Beautiful without makeup

Given the deep-reaching effects of shame, it is not surprising, then, that it makes a remarkably effective tool for maintaining the patriarchal order. Women are shamed for a whole host of reasons— for being fat, being ugly, being hairy, being an airhead, being sexually promiscuous, being sexually conservative—the list goes on. Men are shamed when they behave too much like women—when they show emotional sensitivity, when they dress like women, or enjoy traditionally feminine activities, or when they (horror of horrors) allow themselves to be subservient to a woman. The result is a preservation of the status quo, where men act in dominant, assertive, stoic ways, and women walk the fine line of adhering to decorative ideals, but careful not to take it so far that they are labelled ‘sluts’.

It all seems pretty straightforward when laid out this way, but the waters are muddied by the invisibility of these forces. Indeed, it would make things far less complicated if we could identify a group who had nefariously and deliberately devised these rules for the purposes outlined above. When a man laughs at another for being “pussywhipped”, he (usually) isn’t consciously thinking, “My friend doesn’t have power over his girlfriend. This is a threat to the position of men and women in society! What should I do? I know- I’ll mock him and make him feel humiliated. Everyone must know that this is an unacceptable position for a man to be in!” Likewise, when a woman talks about how fat another woman is, she isn’t trying to make a statement about the female obligation to always maintain our sexual attractiveness. No—they’re doing it because this is what they’ve always known, because they’ve never lived in a society that gave them an alternative lens through which to view men and women. And from a societal point of view, it doesn’t matter that their statement was merely a throwaway remark; the effects are the same as if we’d all pulled together and orchestrated it.

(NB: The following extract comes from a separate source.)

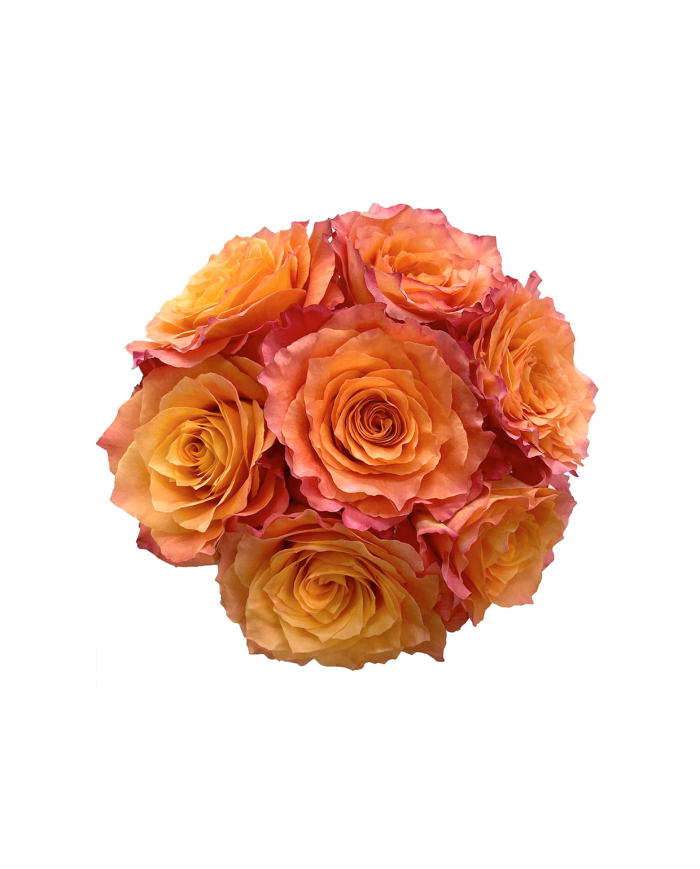 Bulk Free Spirit Rose Bulk Free Spirit Rose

Next time we hear a friend engage in a bout of casual shaming, let’s make sure they have a little think about what they’re really saying. Let’s ask them why they feel that a woman’s worth is bound up with her sexual activity. And why they gave their male friend a high-five for sleeping with loads of women. Let’s ask them why Hillary Clinton’s appearance is relevant to her role in politics. And if they continue to think it appropriate to criticize politicians for completely random and irrelevant traits, ask them why they never thought to judge Obama’s competence based on his pottery skills. Ask why no newspaper has ever run a feature on how ugly David Cameron is. Finally, let’s ask them why they’re telling their sons that ‘being a gi-rl’ is the worst thing he can be. And what message that sends to their daughters.

Then let us reserve shame for activities that actually deserve it. Let violence, rape, and the exploitation of women be shameful. Let the horrors of war and mass murder be a source of shame, not glory. Let the next generation of children grow up knowing that shame will never touch them for abandoning gender roles, and give them a world defined by love and harmony, and not by domination and power.